(INPUT)
=====

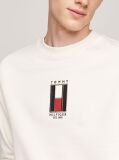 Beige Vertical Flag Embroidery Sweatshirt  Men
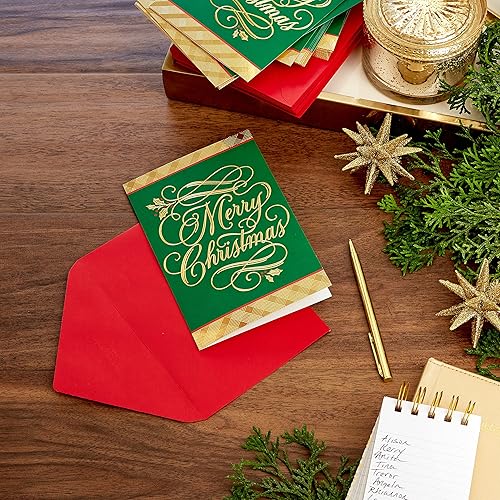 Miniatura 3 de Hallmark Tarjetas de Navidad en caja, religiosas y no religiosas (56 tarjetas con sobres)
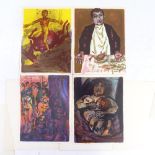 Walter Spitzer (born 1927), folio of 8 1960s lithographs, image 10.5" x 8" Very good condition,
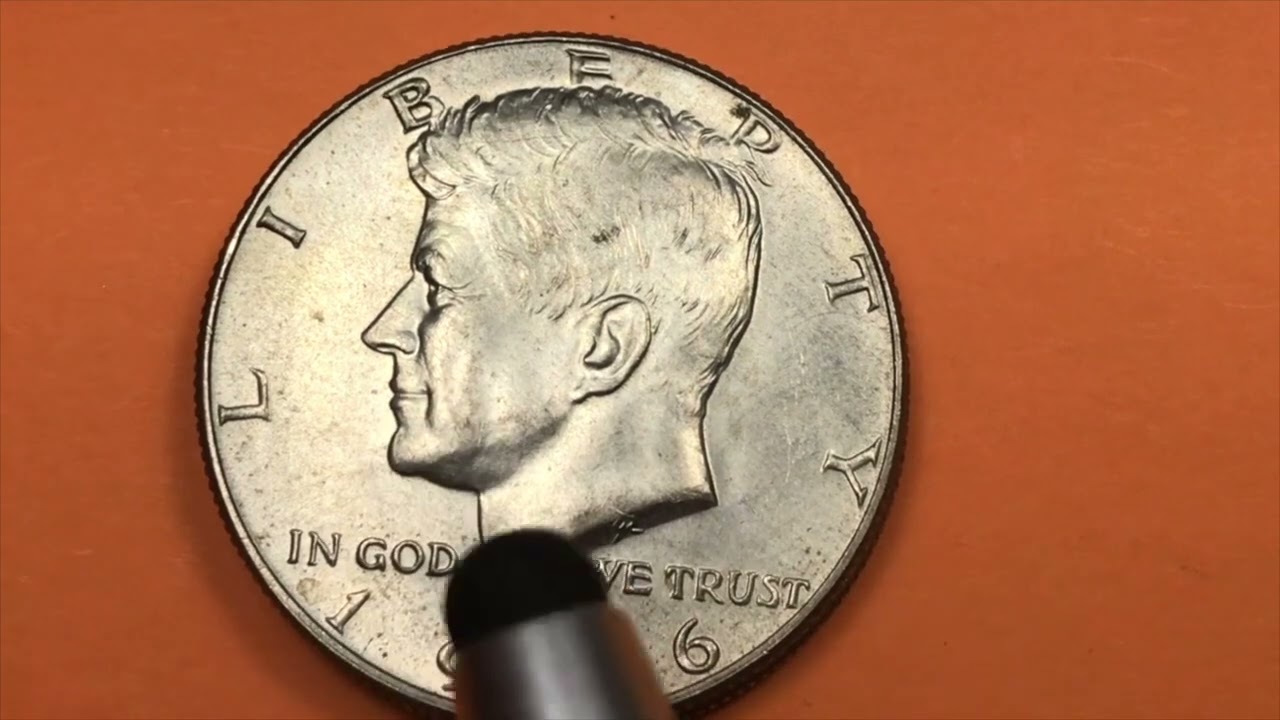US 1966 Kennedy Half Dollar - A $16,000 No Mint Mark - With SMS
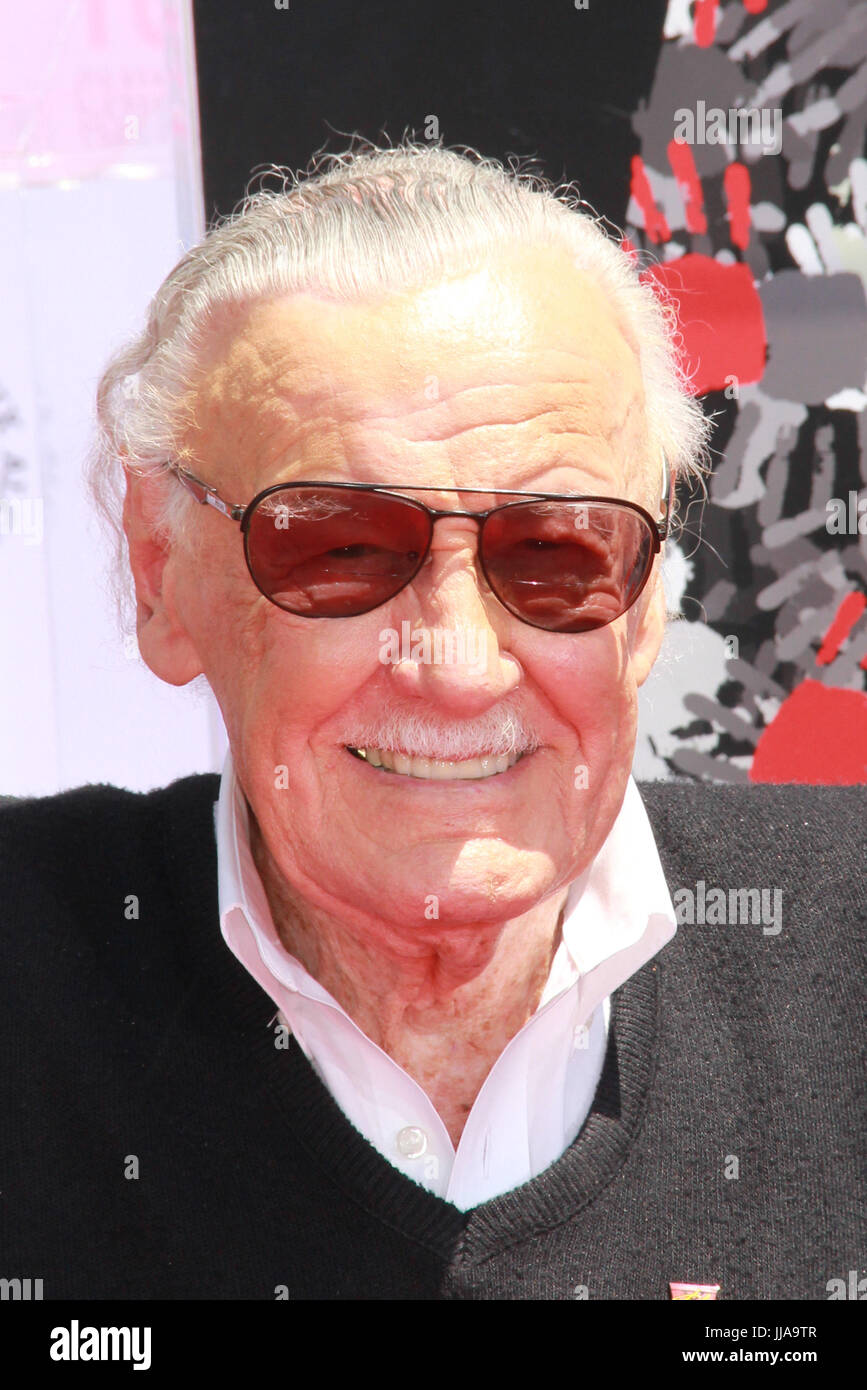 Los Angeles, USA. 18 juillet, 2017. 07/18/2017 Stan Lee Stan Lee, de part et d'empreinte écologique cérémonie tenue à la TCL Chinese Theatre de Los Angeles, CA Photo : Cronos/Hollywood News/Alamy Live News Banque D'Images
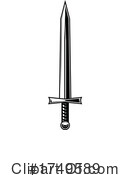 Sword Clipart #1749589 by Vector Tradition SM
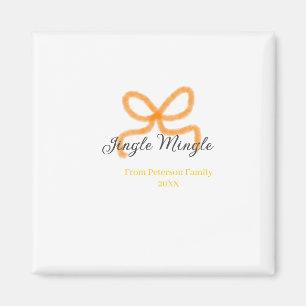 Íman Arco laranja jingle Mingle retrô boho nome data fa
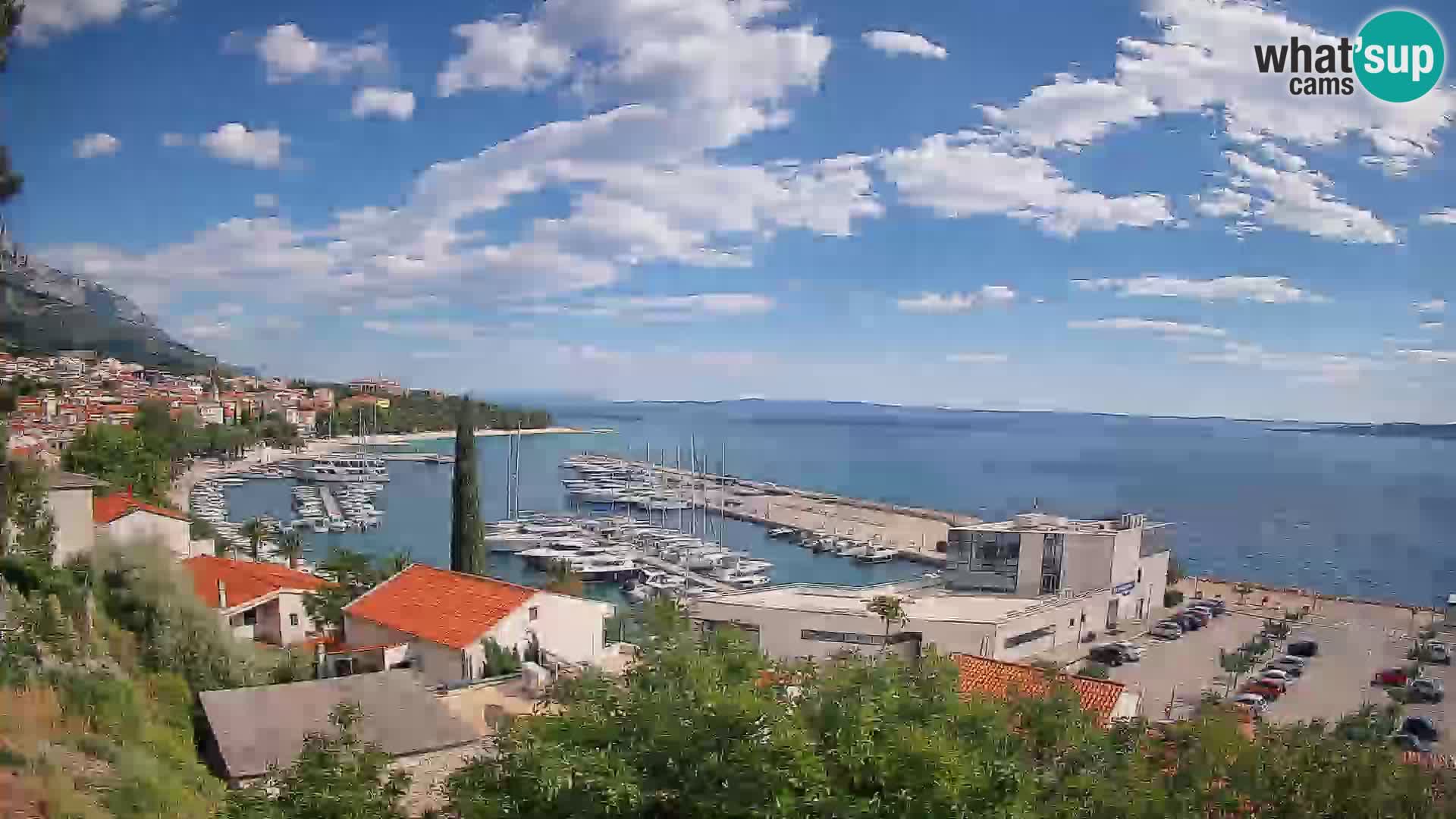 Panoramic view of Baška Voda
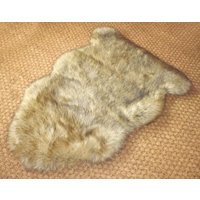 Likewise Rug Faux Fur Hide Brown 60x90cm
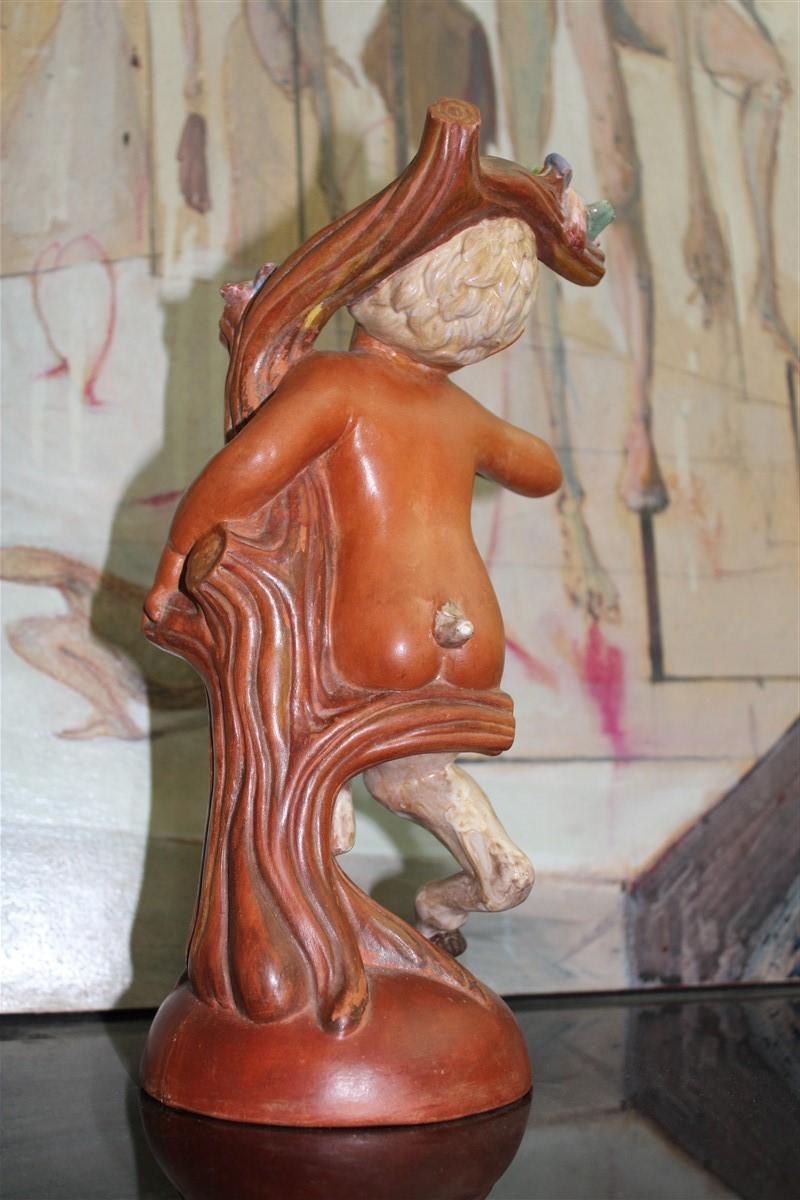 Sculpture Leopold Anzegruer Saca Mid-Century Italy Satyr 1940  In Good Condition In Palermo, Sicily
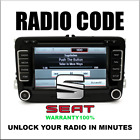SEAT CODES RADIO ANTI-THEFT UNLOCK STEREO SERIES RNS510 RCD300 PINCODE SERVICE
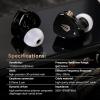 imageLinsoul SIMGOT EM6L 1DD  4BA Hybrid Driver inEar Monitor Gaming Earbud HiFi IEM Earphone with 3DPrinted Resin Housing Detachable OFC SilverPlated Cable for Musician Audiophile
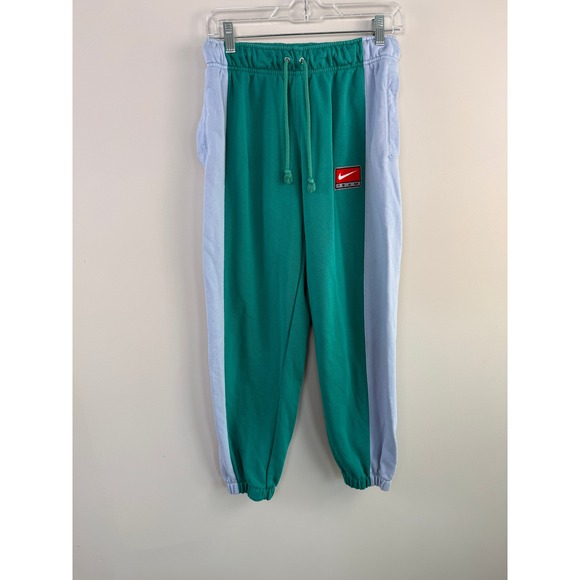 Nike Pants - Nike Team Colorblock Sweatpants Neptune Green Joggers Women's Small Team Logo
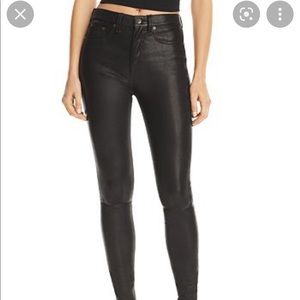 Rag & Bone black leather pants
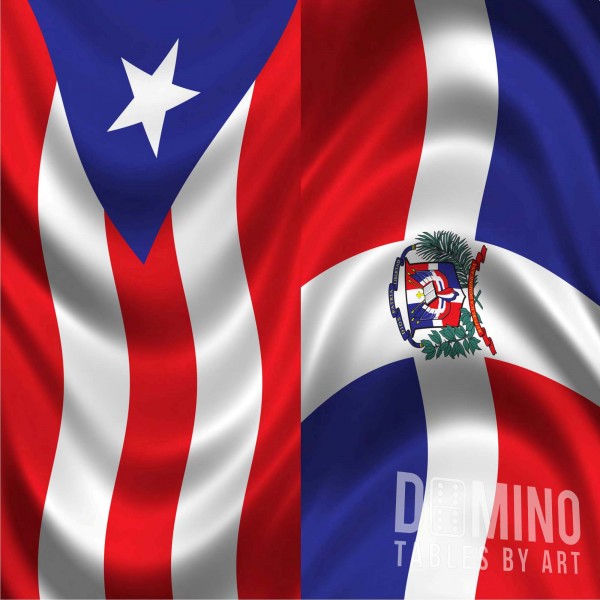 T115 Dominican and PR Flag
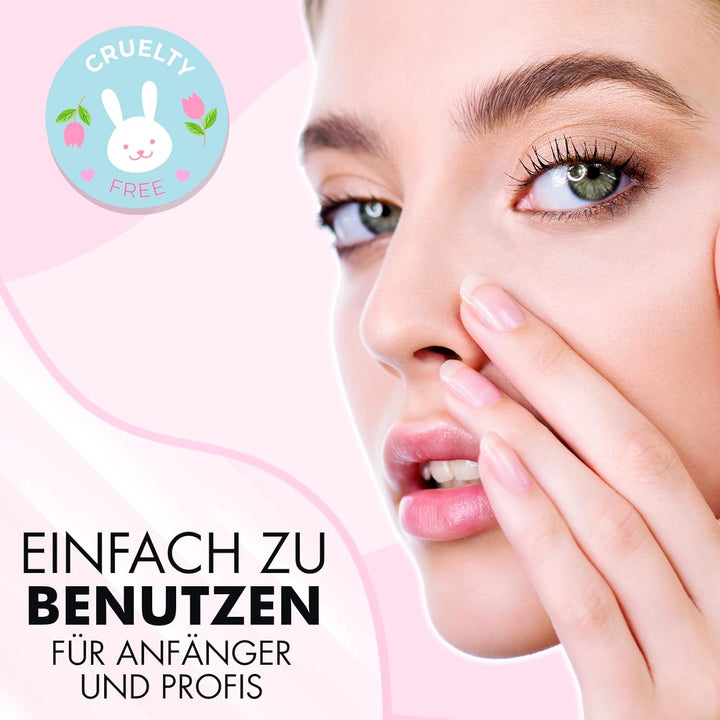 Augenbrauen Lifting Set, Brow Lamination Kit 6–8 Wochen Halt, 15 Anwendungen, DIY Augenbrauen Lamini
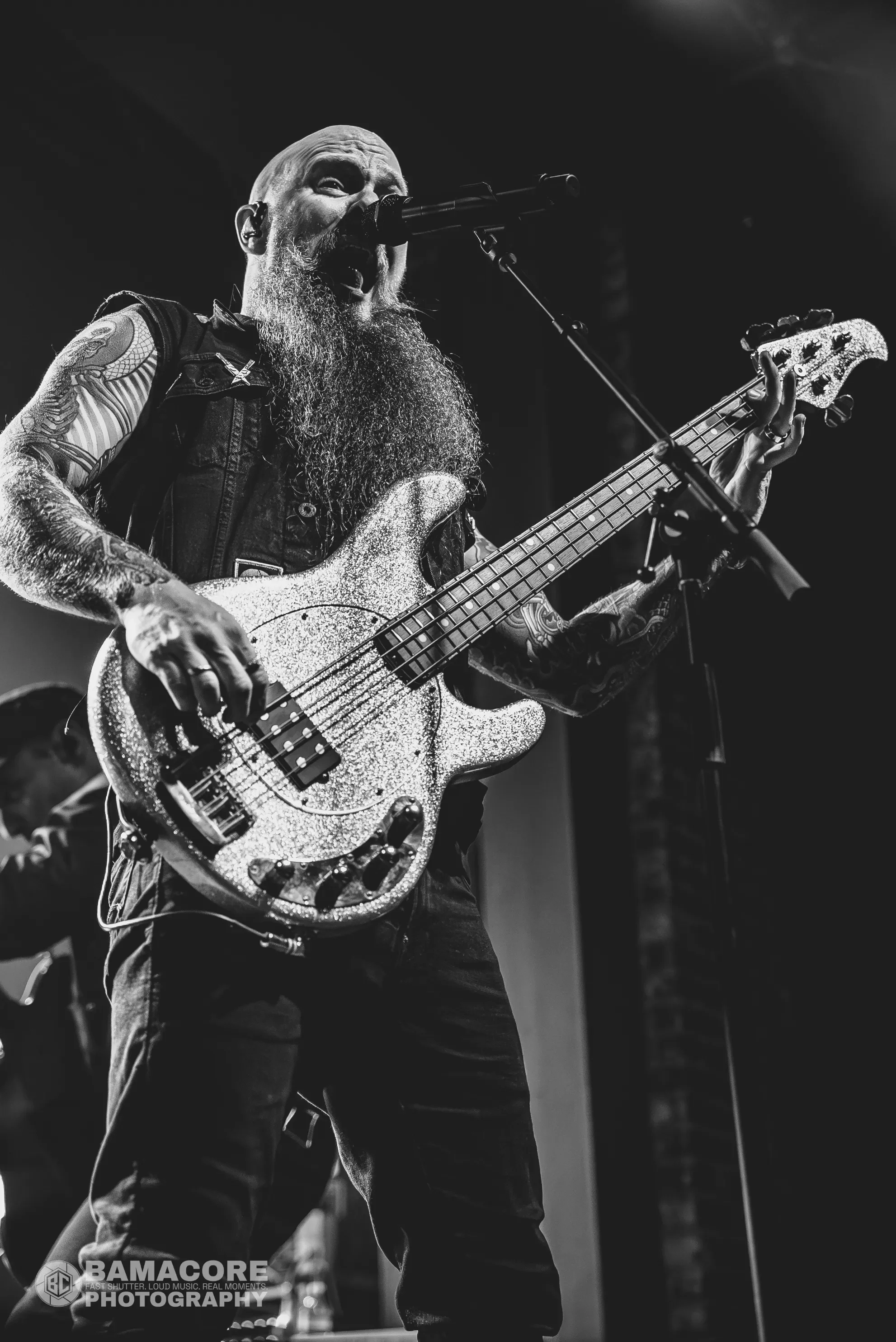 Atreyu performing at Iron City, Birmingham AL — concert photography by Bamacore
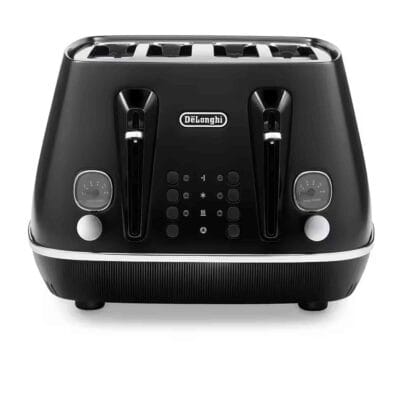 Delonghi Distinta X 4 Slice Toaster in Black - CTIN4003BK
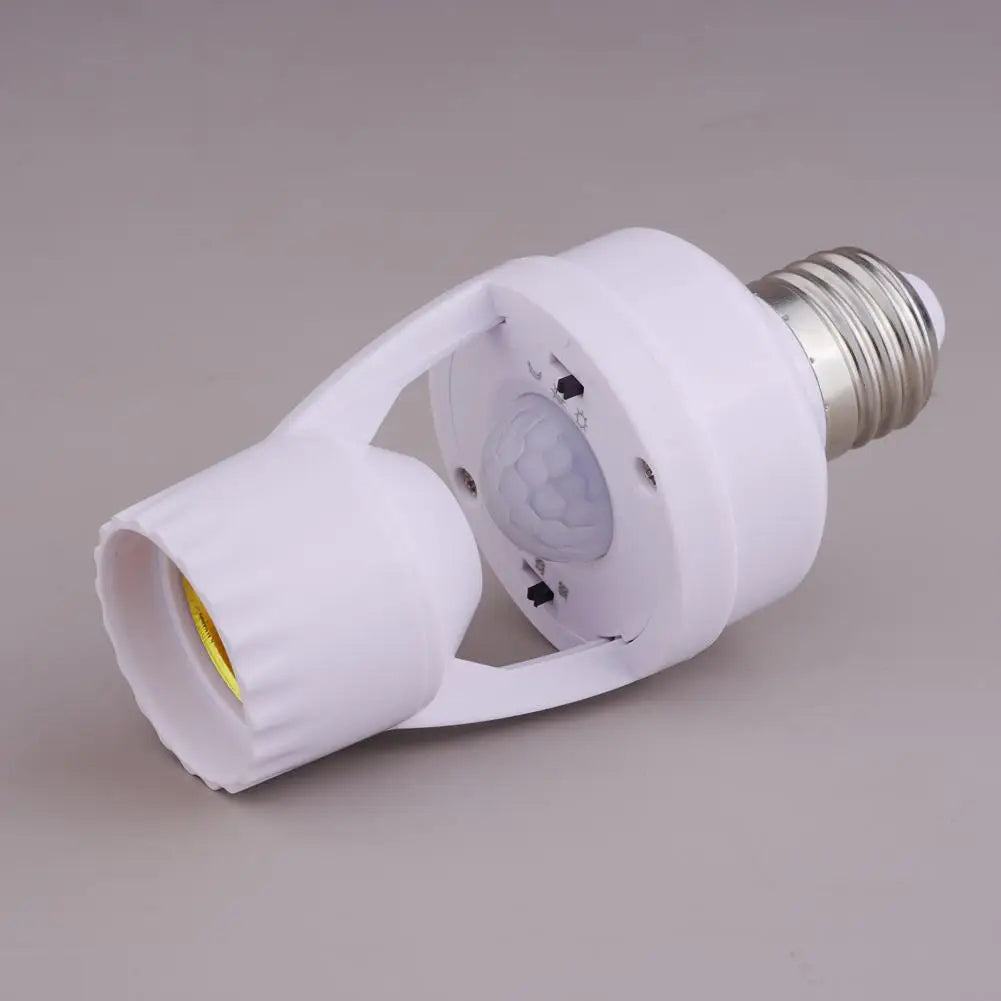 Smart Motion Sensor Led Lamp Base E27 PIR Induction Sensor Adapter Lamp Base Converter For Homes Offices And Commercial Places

=====

(YOUR TASK) Print exactly the lines above that run from the one with "Íman Arco laranja" down to the one with "SEAT CODES RADIO", and omit the pictures.

(ANSWER TO THE PROBLEM)
 Íman Arco laranja jingle Mingle retrô boho nome data fa
 Panoramic view of Baška Voda
 Likewise Rug Faux Fur Hide Brown 60x90cm
 Sculpture Leopold Anzegruer Saca Mid-Century Italy Satyr 1940  In Good Condition In Palermo, Sicily
SEAT CODES RADIO ANTI-THEFT UNLOCK STEREO SERIES RNS510 RCD300 PINCODE SERVICE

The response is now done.